Micheál Martin has gone from obscurity to centre stage of the election campaign, what it means for the ballot box remains to be seen, writes Michael Clifford
LESS than a month ago, Micheál Martin was looking like he’d just stepped out of a Bob Dylan song. He had the cut of somebody who was on his own, with no direction home, lapsing into a complete unknown, like a rolling stone. To all intents and purposes, his election was heading for Desolation Row.
No more. In a campaign that has struggled to catch fire, Martin is holding his own among the main party leaders:
Alone among them, Martin can be pleased with how the campaign has gone so far. He has come a long way in a few short weeks. In the sober depths of January, the consensus was that he was going nowhere fast. Fianna Fáil was beset by rumours of discontent among the officer class. Some among them were making eyes at Sinn Féin, others were looking into their own hearts and seeing the stirrings of leadership material.
The party itself looked like it would be caught between keeping the recovery going and a relatively radical opposition crying out for more fairness. Worst of all, the polls were suggesting that Martin was caught in a groove, not far above where he had landed in the wake of the 2011 election.
Since then, luck and the Corkman’s canvassing talent have intervened. He is a natural campaigner who has discarded the sackcloth and ashes that he wore in the aftermath of his party’s disastrous stewardship of the economy. He has benefited from the short memory that bedevils politics. This is a man who was at the cabinet table for the full term of Bertie Ahern’s 14 years in power — through the years of illusory wealth and bling, right into the disastrous denouement.
That past is now a different country among large swathes of the electorate. The outgoing Government is so unpopular in some quarters that Martin can come across as somebody who entered public life five years ago. Dispatches from the doorstep speak of a campaigner of boundless energy, in a field where the other three leaders are beginning to wear their years.
His performance in the first leaders’ debate was assured and confident, while those around him floundered to a greater or lesser degree. But more than anything he has been a lucky general so far.
Fianna Fáil, Fine Gael, and to some extent Labour, are now fishing in the same pool — a pool that is shallow compared to the days of the two-and-a-half party system. The message from the outgoing government parties has been that it is incumbent on the electorate to keep the recovefry going. The conveyance of that message has often come across as a lecture rather than an effort to persuade. Little provision is made for the reality that the recovery is still extremely shy. Telling people in this environment that they have no choice but to do as they’re told has been a miscalculation.
Further luck is accruing to Martin through the handling of his main rival, Enda Kenny. The Taoiseach does have campaigning attributes but these days it can be difficult to unearth them. Such is the terror harboured by his advisors about the potential for a cock-up from Kenny that he has been surgically removed from his natural disposition.
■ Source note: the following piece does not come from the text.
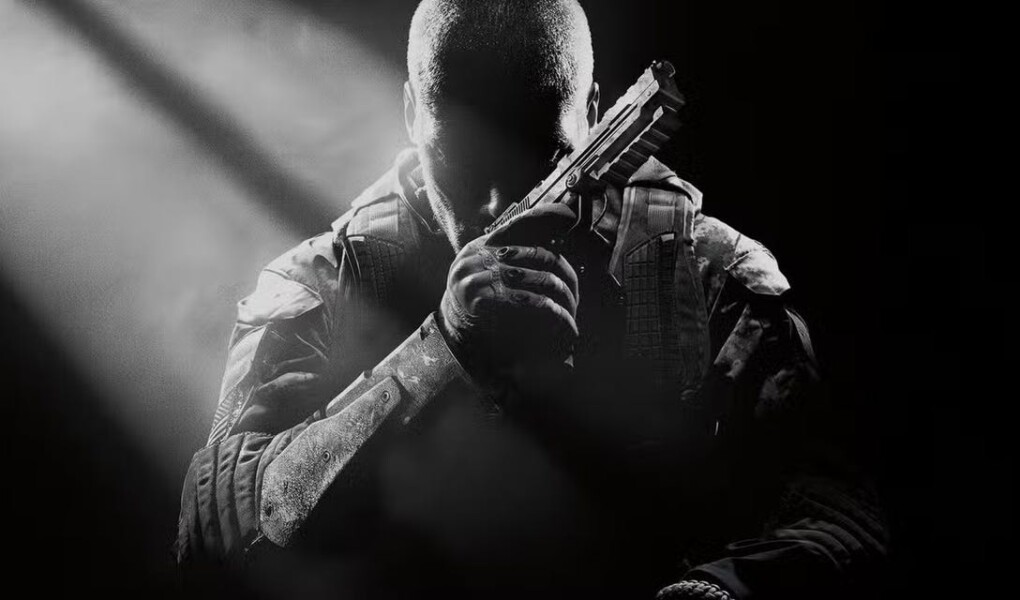 Call of Duty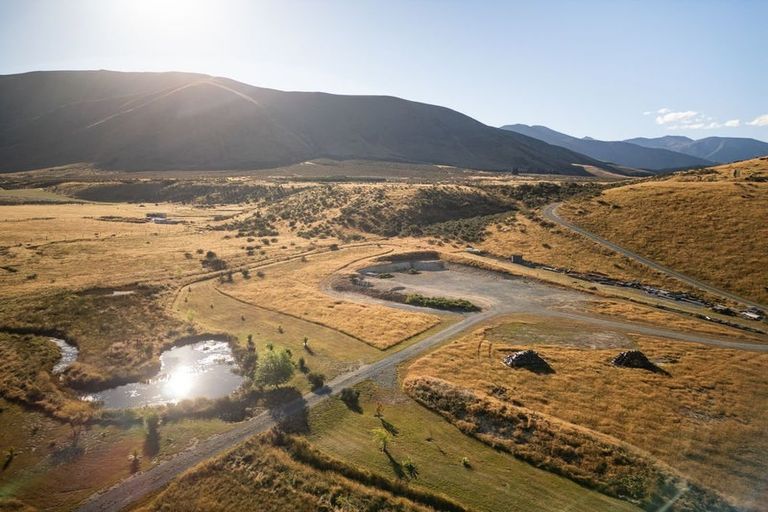 Photo of property in 160d Manuka Terrace, Ben Ohau, Twizel, 7999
Martin has benefited as a result, as he leaps around the country attempting to woo back the lost tribe of Fianna Fáil voters who were borrowed by Phil Hogan in 2011.
Compounding Fine Gael’s sluggish campaign has been the failure of the party’s big beasts, such as Leo Varadkar and the Simons Coveney and Harris, to take up the slack left by Kenny.
Despite Martin’s flying start though, the polls remain stubborn. Perhaps the disillusionment is such that it doesn’t matter how well Martin might be coming across. The only other alternative is that there is a silent Fianna Fáil voter out there, still unwilling to admit to having bad thoughts of returning to the devil they know.
As things stand, the real battle Martin is engaged in now is attempting to maximise the number of seats with which to bargain with Enda Kenny when they retreat into conclave after the election.
Nine days of campaigning remain, and manys the election that was decided in the last week. But for Martin, the times they certainly have a-changed in a few short weeks.
By how much still remains to be seen.